A: The primary use cases are: (1) integrating cursor graphics into HDR rendering pipelines in game engines, (2) compositing cursor overlays into HDR video/VFX work, and (3) standardizing diverse input formats for automated HDR processing pipelines. It's a niche conversion with specific professional applications.

Q: Is the HDR output really high dynamic range?

A: No — CUR files are 8-bit per channel, so the HDR container holds standard dynamic range data in floating-point format. The benefit is not extended dynamic range but rather format compatibility with HDR-aware tools and float-precision processing capabilities.

Q: Does the conversion preserve the cursor hotspot?

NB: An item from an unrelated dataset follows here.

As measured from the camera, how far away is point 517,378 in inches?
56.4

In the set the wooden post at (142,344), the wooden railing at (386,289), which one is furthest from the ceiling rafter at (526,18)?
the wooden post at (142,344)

A: No — the Radiance HDR format stores only RGB pixel data with no metadata for cursor hotspot coordinates. The hotspot information from the CUR file is lost during conversion. If you need the hotspot, extract it from the CUR file separately before conversion.

Q: What happens to multi-size cursors in a CUR file?

A: CUR files can contain multiple sizes (16x16, 32x32, 48x48, etc.). The conversion typically extracts the largest available size. To convert all sizes, extract each size individually from the CUR file first.

Q: Is the HDR file larger than the CUR source?

A: For most cursor images, the HDR file will be similar in size or slightly larger. CUR files are typically very small (1-10 KB) due to small dimensions. The overhead of the HDR RGBE format and header may slightly increase file size for very small images.

Q: Can I convert animated ANI cursors to HDR?

A: ANI (animated cursor) files are different from CUR. This conversion handles static CUR files only. For animated cursors, you would need to extract individual frames from the ANI file and convert each frame separately to HDR format.

Q: Is this conversion useful for HDR display testing?

A: Yes — if you need to verify how cursor graphics appear on HDR displays, converting to HDR format allows you to set specific luminance values in float precision and test cursor visibility across different HDR brightness levels.

Q: What alternative format should I use for cursors in HDR pipelines?

A: If you need alpha transparency (which HDR lacks), consider EXR format instead. EXR supports both floating-point values and alpha channels, making it better suited for cursor overlays in HDR compositing where transparency matters.